As one driver representative put it during the October walkout: “We don’t get holiday pay, we don’t get sick pay. So, even before the rate cuts, you still weren’t able to afford a family holiday or any time off. To make ends meet, you had to work the full five days a week, 10 hours a day. And that’s pretty much just to get by.”
He continued: “That doesn’t leave anything for savings, that doesn’t leave anything for a family holiday. We’ve not had a holiday for the last four years, just because we can’t afford it.”
These aren’t workers asking for luxuries. They’re describing basic financial survival becoming impossible whilst company directors award themselves six-figure bonuses and the company celebrates record profits.
And now they’re being fired for having the audacity to say so publicly.
What This Means for the Drivers Facing January Rate Cuts
The dismissal of eight drivers deemed “ringleaders” of the October walkout sends a chilling message to the 1,500 couriers who participated in the action and the thousands more who will be affected when the rate cuts are implemented on January 5th.
DPD has made it clear that organising collective action, speaking publicly about working conditions, or coordinating with fellow drivers to resist pay cuts will result in immediate contract termination and potentially the loss of thousands in withheld deposits.
Come January, drivers will face the same stark choice they confronted in October, accept pay cuts that make their work financially unviable or walk away from contracts they’ve built their livelihoods around.

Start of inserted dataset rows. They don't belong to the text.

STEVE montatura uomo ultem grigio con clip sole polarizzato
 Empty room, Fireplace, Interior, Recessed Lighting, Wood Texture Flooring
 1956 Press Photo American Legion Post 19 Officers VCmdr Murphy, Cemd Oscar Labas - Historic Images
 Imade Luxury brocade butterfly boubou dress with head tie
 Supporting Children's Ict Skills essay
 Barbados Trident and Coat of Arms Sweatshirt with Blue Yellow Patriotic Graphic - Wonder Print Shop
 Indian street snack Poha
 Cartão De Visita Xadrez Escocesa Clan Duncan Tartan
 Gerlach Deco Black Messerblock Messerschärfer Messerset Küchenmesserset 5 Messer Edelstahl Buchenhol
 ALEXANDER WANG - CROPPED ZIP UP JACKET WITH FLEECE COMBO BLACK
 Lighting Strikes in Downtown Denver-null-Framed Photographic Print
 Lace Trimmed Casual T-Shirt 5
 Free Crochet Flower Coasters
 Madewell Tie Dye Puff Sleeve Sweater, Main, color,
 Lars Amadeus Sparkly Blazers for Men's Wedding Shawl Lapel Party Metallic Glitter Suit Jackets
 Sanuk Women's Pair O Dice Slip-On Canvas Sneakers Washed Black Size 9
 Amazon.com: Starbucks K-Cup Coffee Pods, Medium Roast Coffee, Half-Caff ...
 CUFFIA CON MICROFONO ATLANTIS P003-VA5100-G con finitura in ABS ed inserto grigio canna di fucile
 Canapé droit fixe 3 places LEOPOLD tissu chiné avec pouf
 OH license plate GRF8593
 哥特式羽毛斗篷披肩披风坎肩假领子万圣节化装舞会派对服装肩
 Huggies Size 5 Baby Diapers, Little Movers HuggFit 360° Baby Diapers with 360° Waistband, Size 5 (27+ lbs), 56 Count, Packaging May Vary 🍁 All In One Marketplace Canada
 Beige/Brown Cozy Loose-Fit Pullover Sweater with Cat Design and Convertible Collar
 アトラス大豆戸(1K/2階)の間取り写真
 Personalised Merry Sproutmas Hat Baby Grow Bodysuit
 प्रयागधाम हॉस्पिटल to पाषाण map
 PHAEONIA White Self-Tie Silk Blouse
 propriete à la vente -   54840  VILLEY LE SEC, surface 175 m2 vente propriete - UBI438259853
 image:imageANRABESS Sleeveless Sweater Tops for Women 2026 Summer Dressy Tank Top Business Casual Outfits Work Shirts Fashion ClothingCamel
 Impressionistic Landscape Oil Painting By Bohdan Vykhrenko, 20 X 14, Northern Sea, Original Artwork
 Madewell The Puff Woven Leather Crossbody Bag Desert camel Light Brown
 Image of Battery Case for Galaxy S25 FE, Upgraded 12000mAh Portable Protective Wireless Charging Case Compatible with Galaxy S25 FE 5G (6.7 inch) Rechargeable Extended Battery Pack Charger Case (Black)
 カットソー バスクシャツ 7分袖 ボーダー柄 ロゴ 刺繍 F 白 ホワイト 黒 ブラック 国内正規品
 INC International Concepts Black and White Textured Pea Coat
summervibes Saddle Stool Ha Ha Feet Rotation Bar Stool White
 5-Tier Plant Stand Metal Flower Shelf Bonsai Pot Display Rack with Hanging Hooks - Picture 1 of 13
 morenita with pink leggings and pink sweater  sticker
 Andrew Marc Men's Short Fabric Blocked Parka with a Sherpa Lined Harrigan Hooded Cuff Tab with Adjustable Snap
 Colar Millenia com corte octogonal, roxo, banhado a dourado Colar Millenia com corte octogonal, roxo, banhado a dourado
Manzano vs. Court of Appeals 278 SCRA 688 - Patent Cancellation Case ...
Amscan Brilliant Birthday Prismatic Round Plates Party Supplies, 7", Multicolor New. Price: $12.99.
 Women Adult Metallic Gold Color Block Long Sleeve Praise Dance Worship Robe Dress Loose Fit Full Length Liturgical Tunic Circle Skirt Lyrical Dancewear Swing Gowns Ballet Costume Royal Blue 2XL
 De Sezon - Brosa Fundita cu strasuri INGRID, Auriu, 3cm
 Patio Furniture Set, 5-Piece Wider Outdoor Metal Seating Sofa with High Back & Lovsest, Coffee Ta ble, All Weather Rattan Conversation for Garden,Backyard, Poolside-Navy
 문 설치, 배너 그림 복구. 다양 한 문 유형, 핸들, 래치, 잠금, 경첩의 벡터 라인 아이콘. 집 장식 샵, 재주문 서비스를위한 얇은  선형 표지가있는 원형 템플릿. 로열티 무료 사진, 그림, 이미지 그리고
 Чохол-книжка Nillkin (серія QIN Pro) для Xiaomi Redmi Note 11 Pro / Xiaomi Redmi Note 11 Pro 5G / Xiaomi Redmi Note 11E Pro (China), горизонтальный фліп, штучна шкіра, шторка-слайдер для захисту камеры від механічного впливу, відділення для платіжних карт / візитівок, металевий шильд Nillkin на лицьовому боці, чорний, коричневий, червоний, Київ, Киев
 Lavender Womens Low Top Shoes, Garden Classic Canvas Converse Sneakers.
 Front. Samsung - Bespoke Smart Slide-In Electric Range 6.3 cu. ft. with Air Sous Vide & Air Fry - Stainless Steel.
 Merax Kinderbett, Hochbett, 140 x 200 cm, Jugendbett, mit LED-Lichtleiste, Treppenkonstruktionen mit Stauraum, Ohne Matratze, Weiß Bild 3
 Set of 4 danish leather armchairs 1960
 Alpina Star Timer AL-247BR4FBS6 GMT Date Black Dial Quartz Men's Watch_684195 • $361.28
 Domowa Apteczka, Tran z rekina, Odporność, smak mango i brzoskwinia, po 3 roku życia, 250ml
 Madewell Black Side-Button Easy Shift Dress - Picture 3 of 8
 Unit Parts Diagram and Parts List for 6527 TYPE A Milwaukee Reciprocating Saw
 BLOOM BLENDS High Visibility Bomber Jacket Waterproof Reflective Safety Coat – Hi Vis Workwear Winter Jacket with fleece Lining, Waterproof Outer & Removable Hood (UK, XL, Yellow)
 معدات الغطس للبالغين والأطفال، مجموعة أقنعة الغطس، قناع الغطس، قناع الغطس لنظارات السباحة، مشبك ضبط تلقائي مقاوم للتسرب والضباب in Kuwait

But now they’ll do so knowing that resistance comes with the added risk of being labelled a troublemaker, fired for alleged contract breaches, and potentially losing substantial deposits with no recourse or protection.
For a company reporting £200 million in pre-tax profits, the decision to fire drivers for protesting £6,000 annual pay cuts whilst directors celebrate £90,000 pay rises exposes exactly who’s valued and who’s expendable in the modern courier industry.
DPD’s dismissal of drivers for organising against devastating pay cuts, whilst threatening to withhold thousands in deposits and invoking gagging clauses to silence criticism, reveals the brutal power imbalance between profitable courier companies and the self-employed workers who lack basic employment protections despite making the entire business model function.